The wide diversity of human exposures across individuals and throughout their lifetime calls for new approaches and models to implement risk assessment strategies. In this context, stem cells offer a unique possibility to study specific functionalities of immature cells, cell fate, and cell transformation. Due to their long lifespans, stem cells can be particularly susceptible to long-term exposures and the accumulation of abnormalities could lead to a differential impact compared to short-lived cells, including the emergence of cancer stem cells. Therefore, we propose stem cells as a relevant model for the evaluation of the potential impact of micro- and nanoplastic (MNPLs) on human health. The population is continuously exposed to these small plastic particles that can translocate through physiological barriers and cause mild but relevant effects related to cytotoxicity, ROS generation, DNA damage, and pro-inflammatory response alterations. The information regarding the bioaccumulation of MNPLs is still limited but the extended exposure could be expected to induce accumulative adverse effects such as mutagenesis and carcinogenesis, aspects insufficiently explored until now.

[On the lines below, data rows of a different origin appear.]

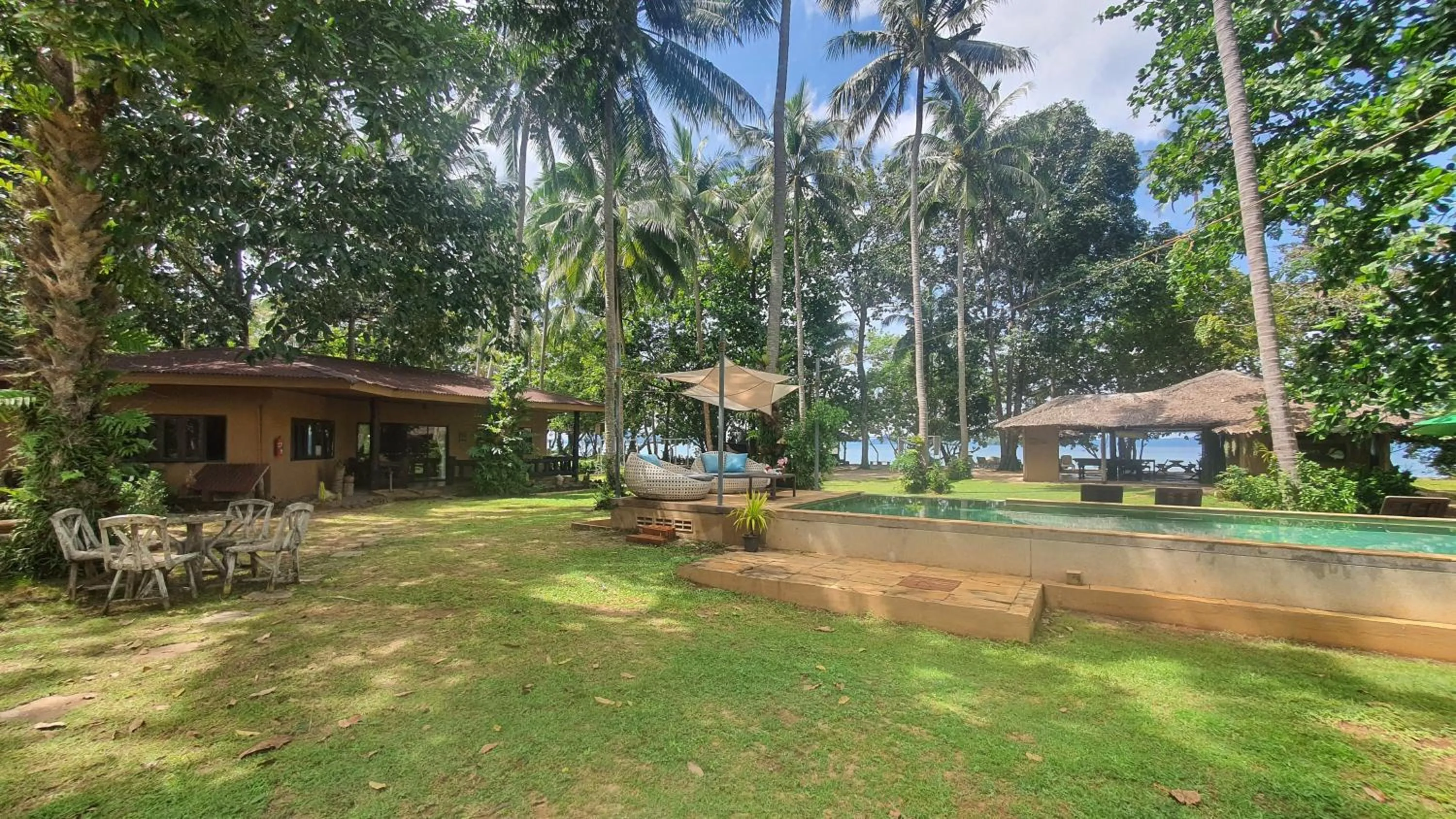Swimming pool in Melina Beach Front Bungalows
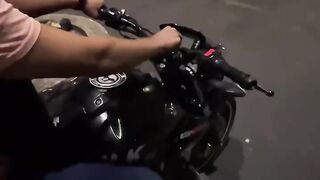 শখে শখে রাত্রেবেলা ঘুরাঘুরি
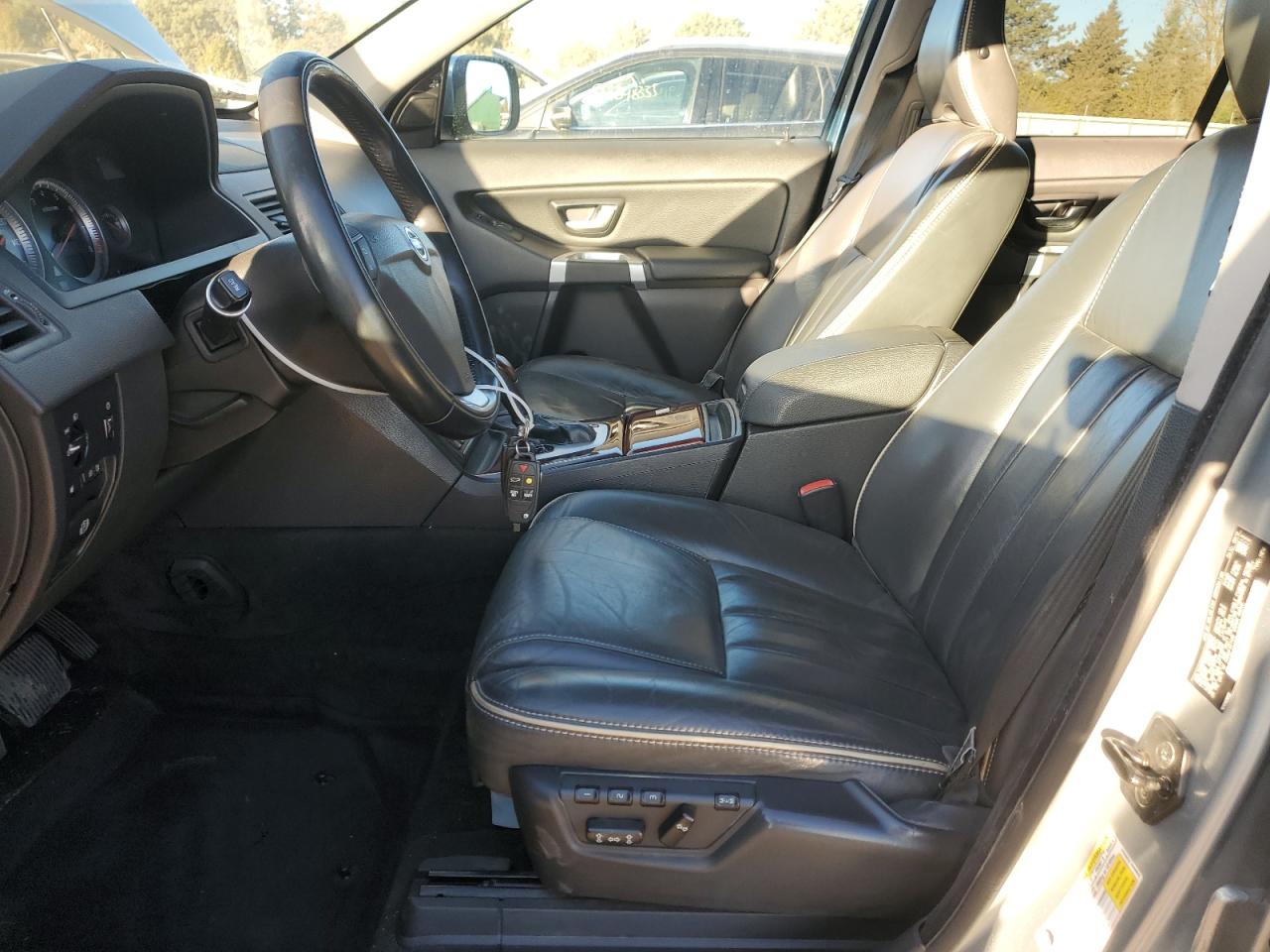 Volvo XC90 3.2 Image 11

Our work aims to develop stem cell-based models useful to provide information on the potential long-term effects of MNPLs by evaluating endpoints related to transformation onset and stemness imbalance. On the one hand, we have developed an in vitro exposure approach in which we continuously exposed a model of breast stem cells (MCF10A) to polystyrene (PS) and polyethylene terephthalate (PET) nanoplastics for 5 months. Although we have not identified significant changes in the transformed status of the cells at a functional level, we have observed an increasing tendency in their anchorage-independent growth and migration capacities that points to MNPLs as inducers of a permissive context for cell transformation. Ongoing work is focused on identifying potential underlying molecular effects by transcriptomic and kinase activity profiling analyses. In parallel, we are looking for new stem cell models relevant to evaluate the potential cell fate-deregulating effect of MNPLs exposure that may require further in-depth studies.
This work could contribute with relevant data regarding the impact of MNPLs on cell fate deregulation and stem cell transformation, and further highlight the interest in incorporating stem cell models in risk assessment strategies.